Task material Start Marker
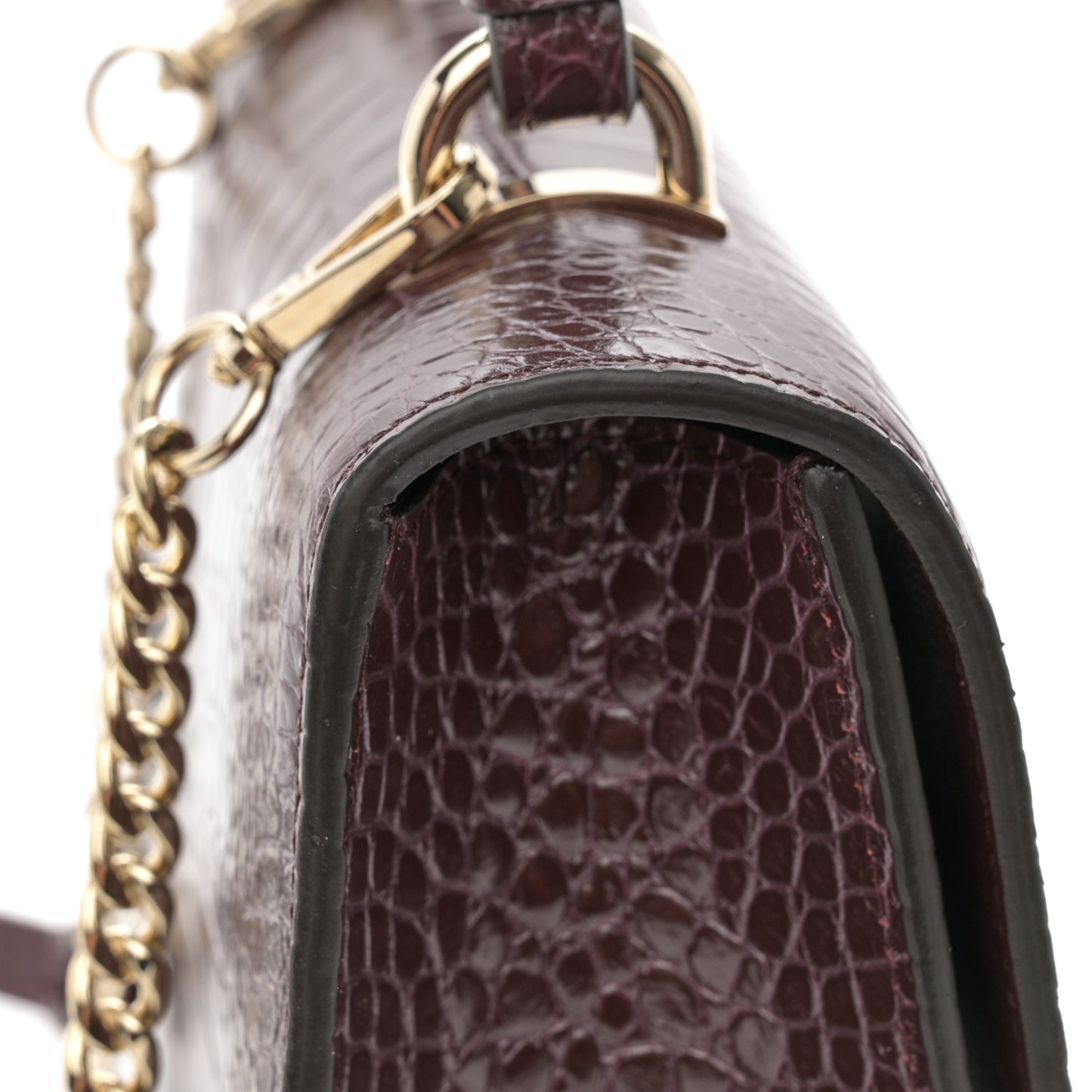 Calfskin Crocodile Embossed Medium JC Top Handle Bordeaux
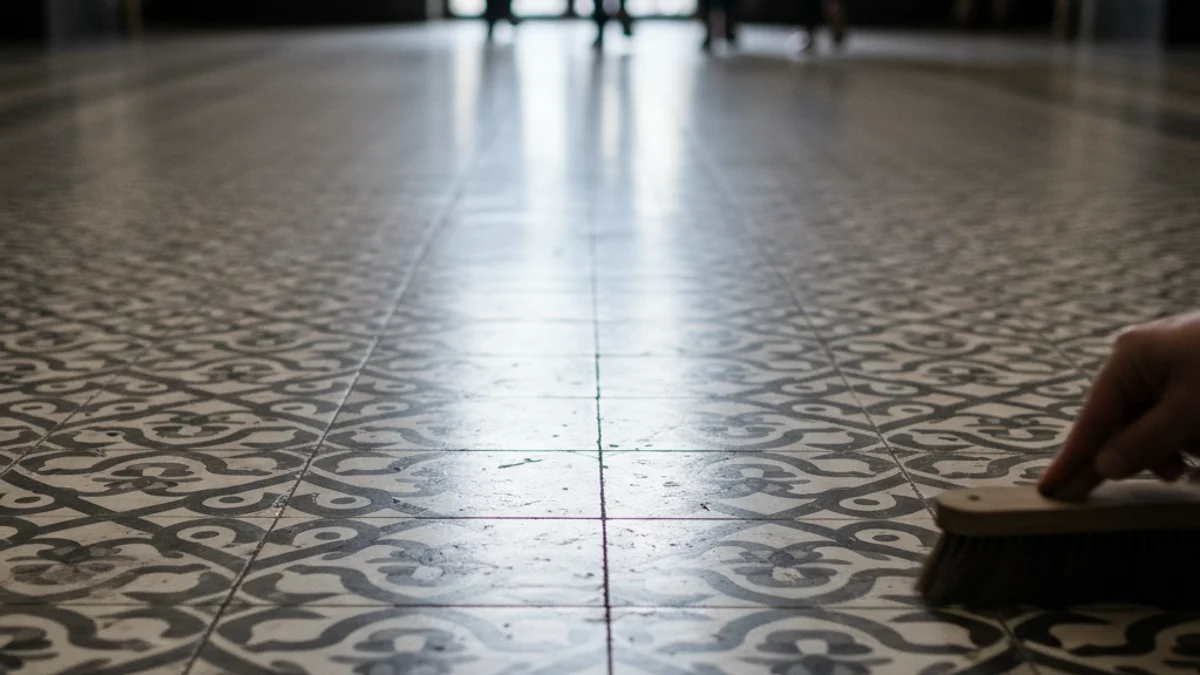 Detall d'un paviment hidràulic antic amb disseny geomètric en relleu, il·luminat per llum natural.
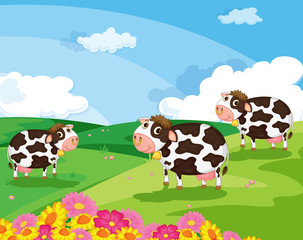 Obraz na płótnie Canvas three cows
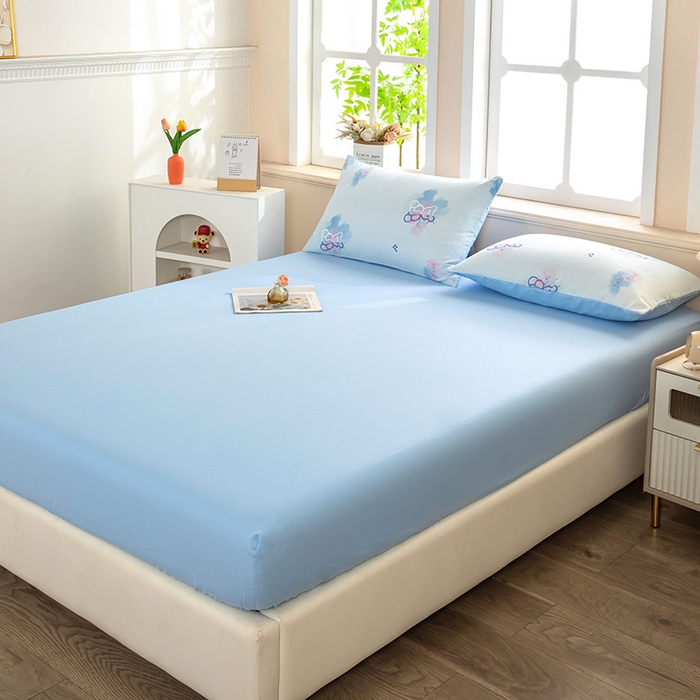 91家纺网 家纺一手货源 找家纺 亦帆枕芯 2025新款水洗棉四件套 幻彩小熊-蓝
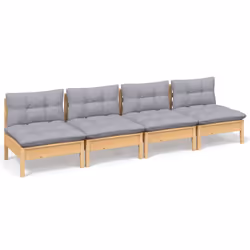 Divano da Giardino a 4 Posti con Cuscini Grigi Massello di Pinocod mxl 97506 - Vista aggiuntiva 2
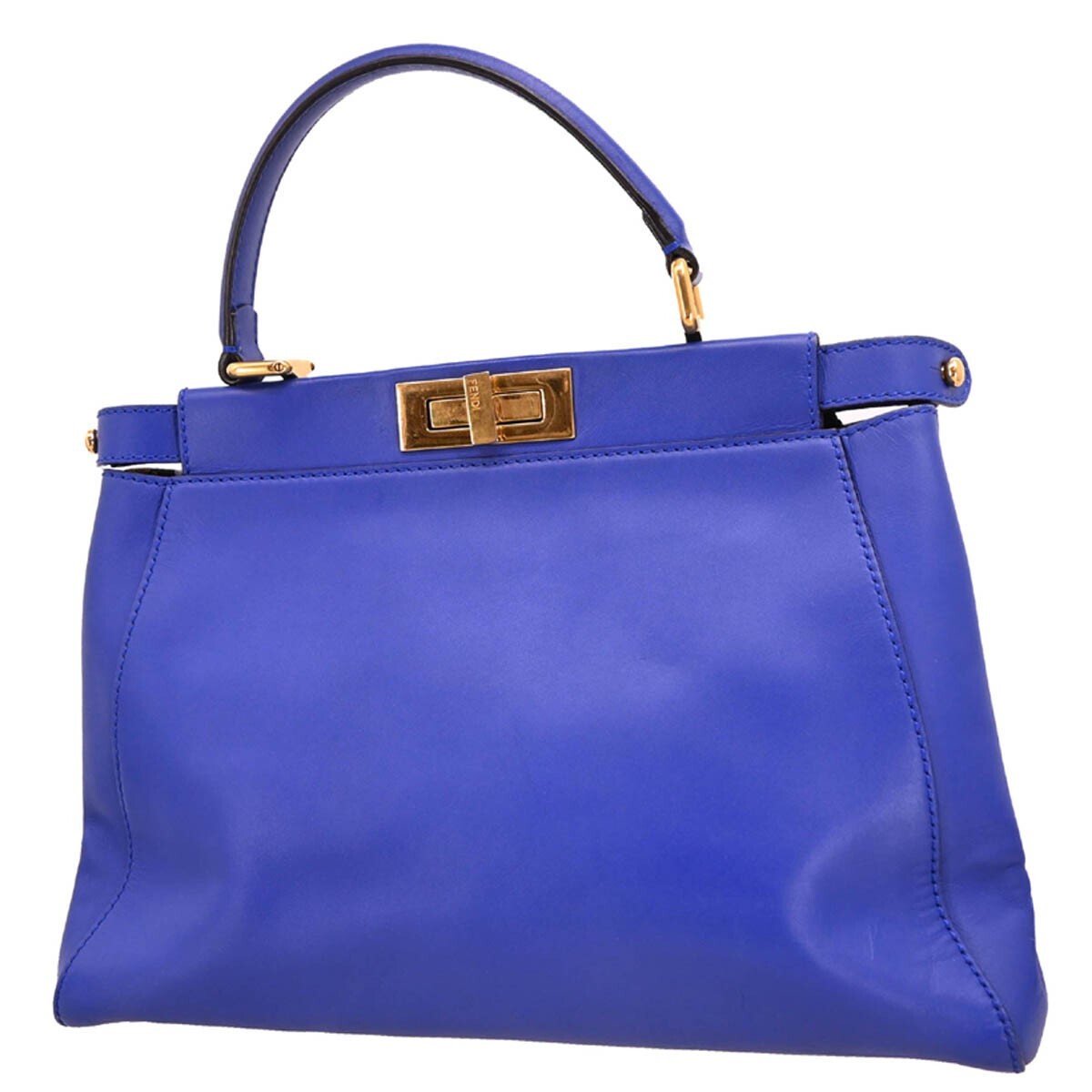 Fendi Peekaboo Bag Soft Leather Blue Leather Handbag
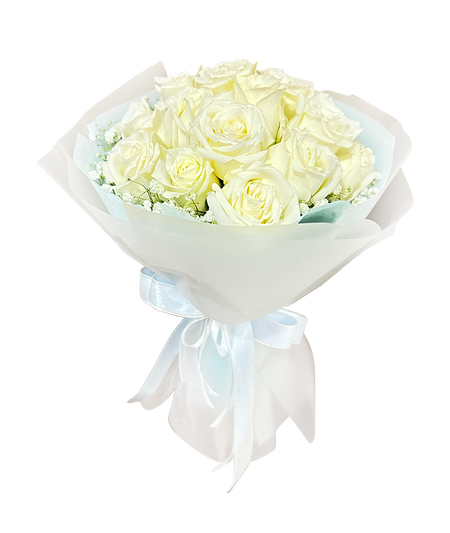 Sweet and Pure White Rose Bouquet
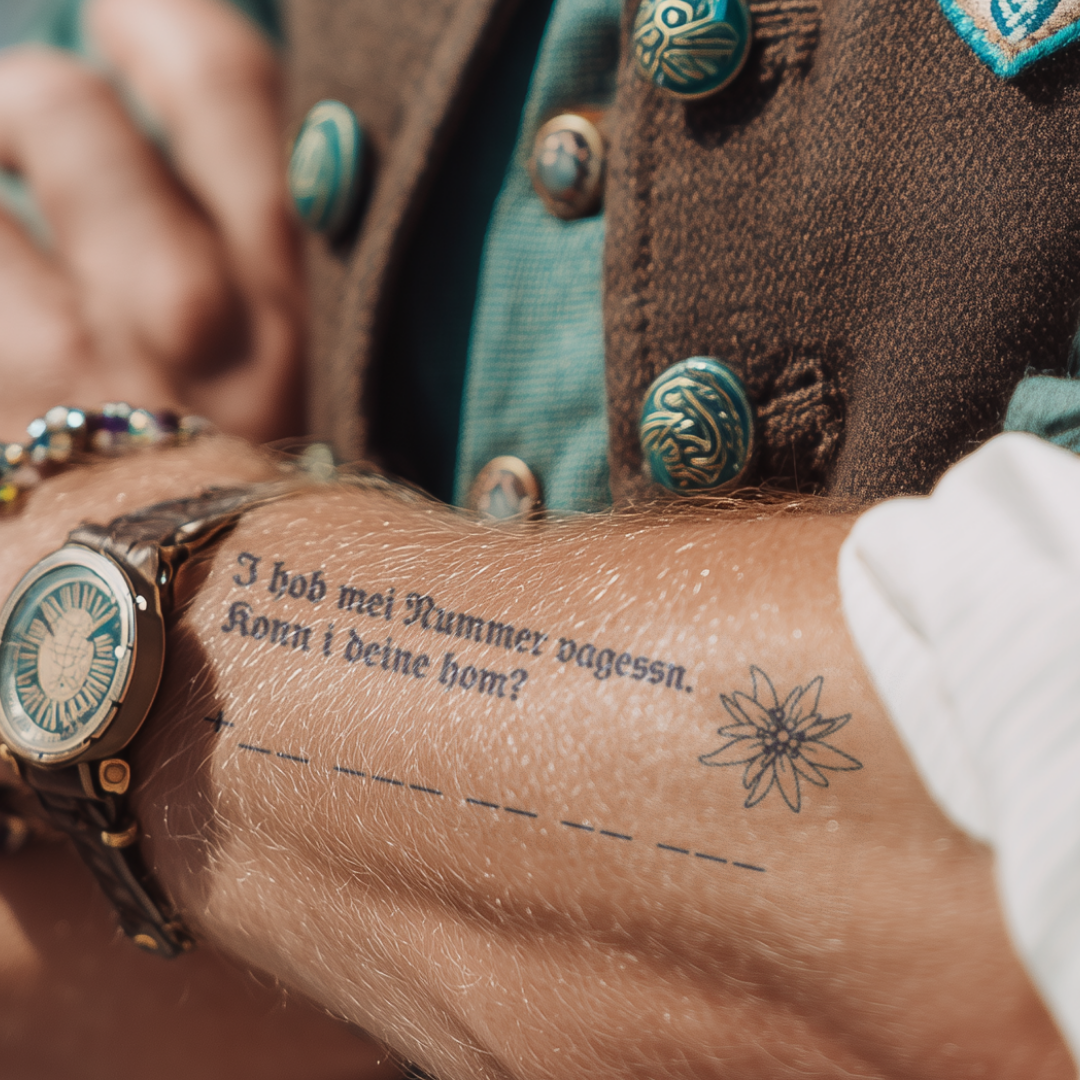 I hob mei Nummer vagessn. Konn i deine hom? Tattoo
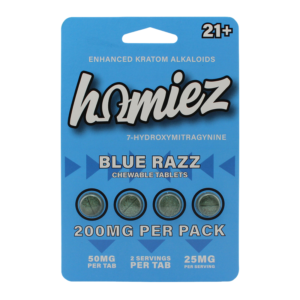 HOMIEZ 7-HYDROXYMITRAGYNINE TABLETS 50MG 4CT - BLUE RAZZ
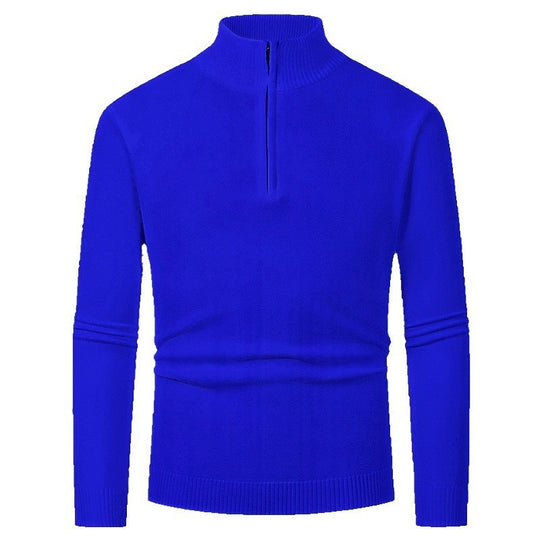 Herren Pullover mit halbem Reißverschluss und modernem Stehkragen R&B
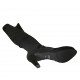 Bottes au-dessus de genou pour femmes avec demi fermeture éclair en tissu elastique et daim noir talon 11 - Pointures disponibles:  42, 43, 44, 46, 47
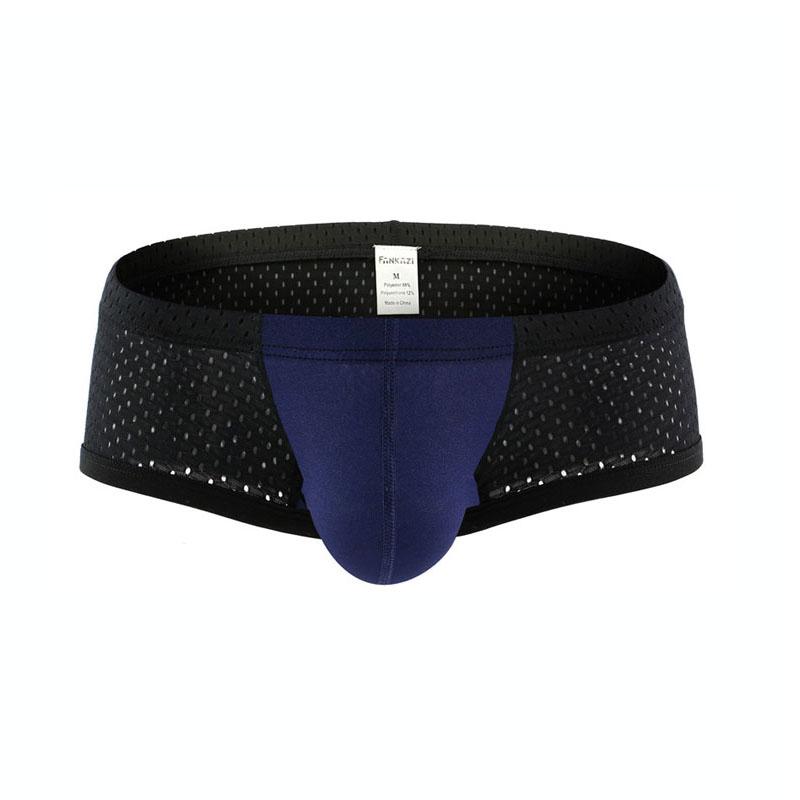 

Underpants Boxers Sexy Men Underwear Breathable Holes Low Waist Patchwork Gay Calzoncillos Hombre Slips Male Shorts Trunks, Black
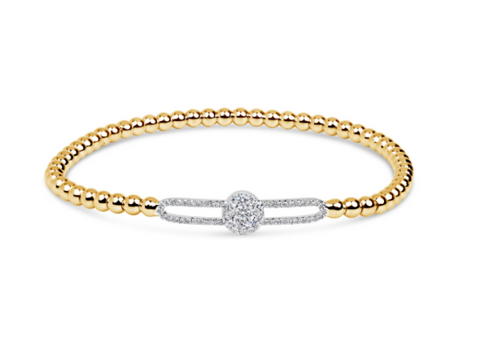 yellow gold diamond beaded bangle bracelet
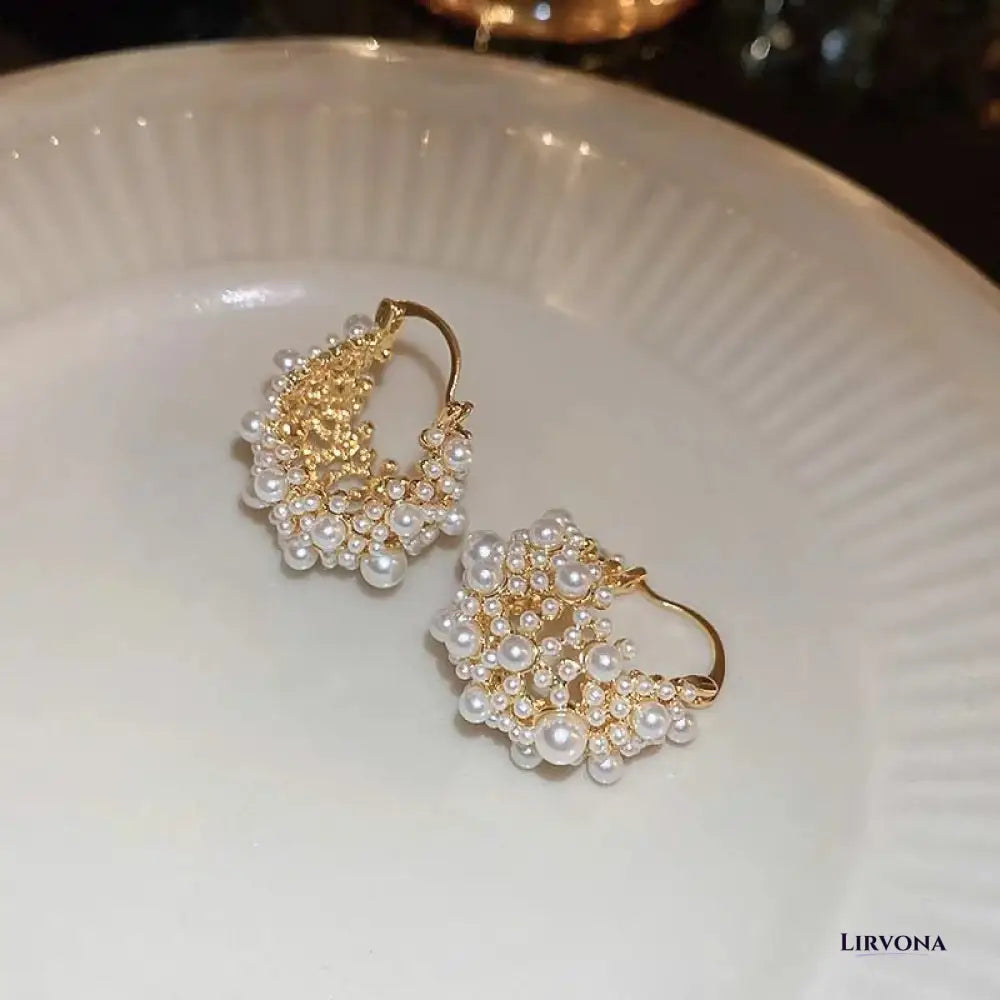 Women’s Gold Hoop Earrings with Imitation Pearls Stainless Steel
Task material End Marker
--- Goal of the exercise ---
Everything from the line with "Underpants Boxers Sexy" through the end of the listing above, both ends included, should be set down exactly; copy nothing else, and skip the pictures.

--- Output of the exercise ---
Underpants Boxers Sexy Men Underwear Breathable Holes Low Waist Patchwork Gay Calzoncillos Hombre Slips Male Shorts Trunks, Black
 yellow gold diamond beaded bangle bracelet
 Women’s Gold Hoop Earrings with Imitation Pearls Stainless Steel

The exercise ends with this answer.